In the mTORKO PMN-MDSC infusion group, the Th1/Th2 ratio was much lower and peripheral proinflammatory cytokines were maintained at a low level in serum, but the Tregs percentage was higher. Combined with the evidence that mTORKO PMN-MDSCs could only play a preventive role but not a therapeutic effect, we speculated that the adoptive transferred mTORKO PMN-MDSCs had a suppressive function at the very beginning of aGVHD and further stopped the cytokine storm amplification. Using CD45.1 and CD45.2 to distinguish adoptive transferred and donor-derived PMN-MDSCs, we found that the co-transplanted PMN-MDSCs could only persist for a short time in the BM and PB. Previous studies found that the adoptive transfused MDSCs could be detected in the lymphoid organs and liver until day 30 after transplantation (Messmann et al., 2015). We assumed that co-transplanted MDSCs might rapidly migrate to the peripheral organs or differentiate to a mature state after transfusion. On aGVHD at a later stage, we detected a better quantitative and functional recovery of donor-derived PMN-MDSCs in the mTORKO PMN-MDSC transfusion group. mTORKO PMN-MDSC transfusion plays an effective role in aGVHD prevention in a mouse model. However, the application of gene-edited MDSCs in clinical practice needs to be further explored due to the uncertain safety and technical constraints. The mTOR inhibitor rapamycin would become a potential alternative choice to regulate the differentiation and suppressive function of PMN-MDSCs. Our findings provide more evidence for the application of rapamycin for aGVHD control.

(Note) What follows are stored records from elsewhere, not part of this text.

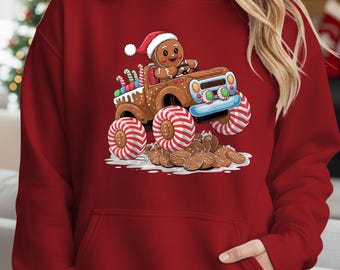 Gingerbread Monster Truck Christmas PNG, Santa Cookie Truck Png, Cute Kids Christmas Shirt Design Digital Download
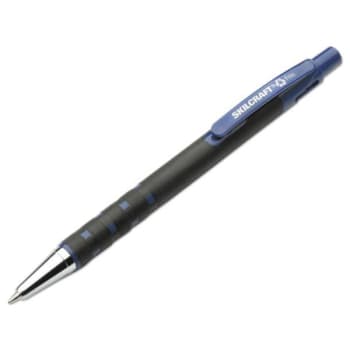 SKILCRAFT Rubberized Ballpoint Pen, 0.7mm, Blue Ink, Black Barrel, Package Of 12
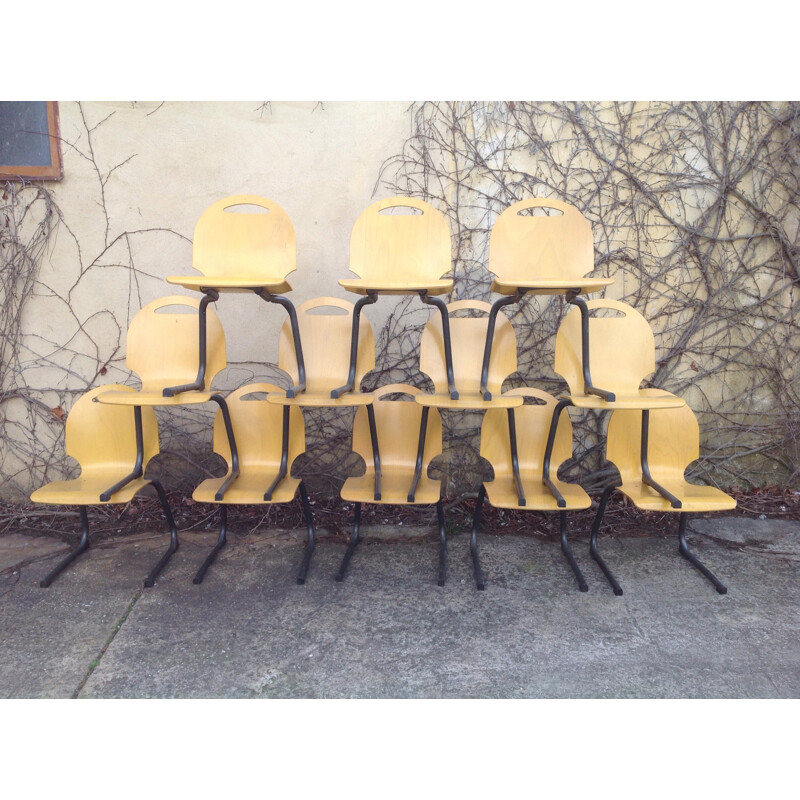 Set of 12 vintage chairs in plywood and tubular metal - 1980s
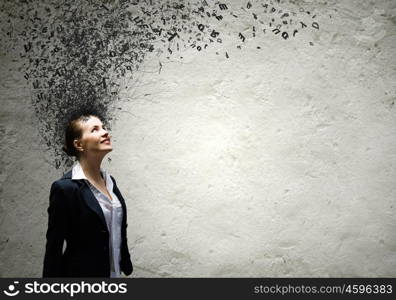 Thoughtful businesswoman. Young attractive businesswoman with thoughts above her head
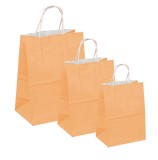 Pungi albe, colorate 100% piersica - 25X14X30 -100 BUC.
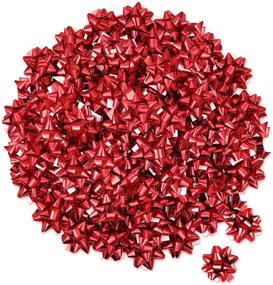 img 4 attached to 🎁 Zoe Deco Mini Star Bows for Gift Wrapping and Presents (Red, 100 Pack) - 1.25 inch, Self-Adhesive & Shiny Metallic Christmas Bows for Small Gift Toppers or Decorations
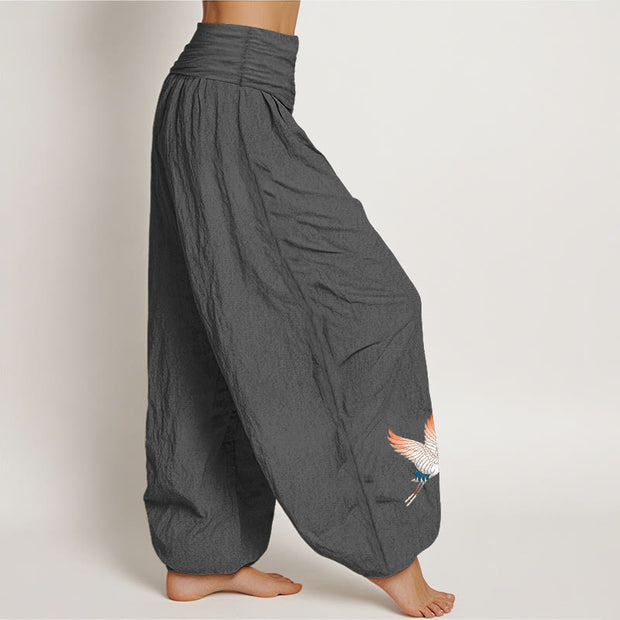 Buddha Stones Two Graceful Cranes Pattern Pure Cotton Women's Elastic Waist Harem Pants - image 10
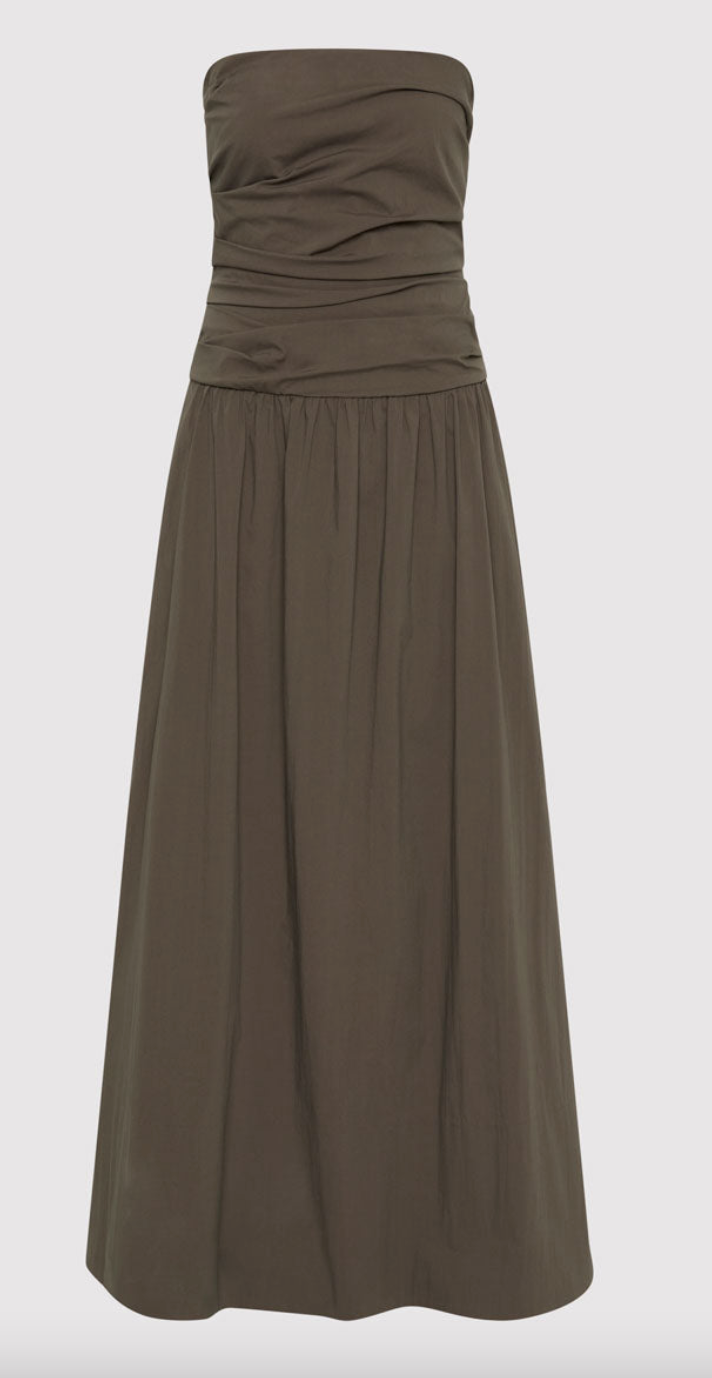 gathered strapless tie back dress khaki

Overall, we demonstrated that mTOR is an effective intrinsic regulatory factor for PMN-MDSCs’ differentiation and immunosuppressive function. Also, mTORKO PMN-MDSC transfusion can be a therapeutic option to prevent cytokine storms at early stages and promote a quantitative and functional recovery of donor-derived PMN-MDSCs in aGVHD. Our findings indicate that mTOR manipulation of PMN-MDSCs might be an effective way in aGVHD prevention.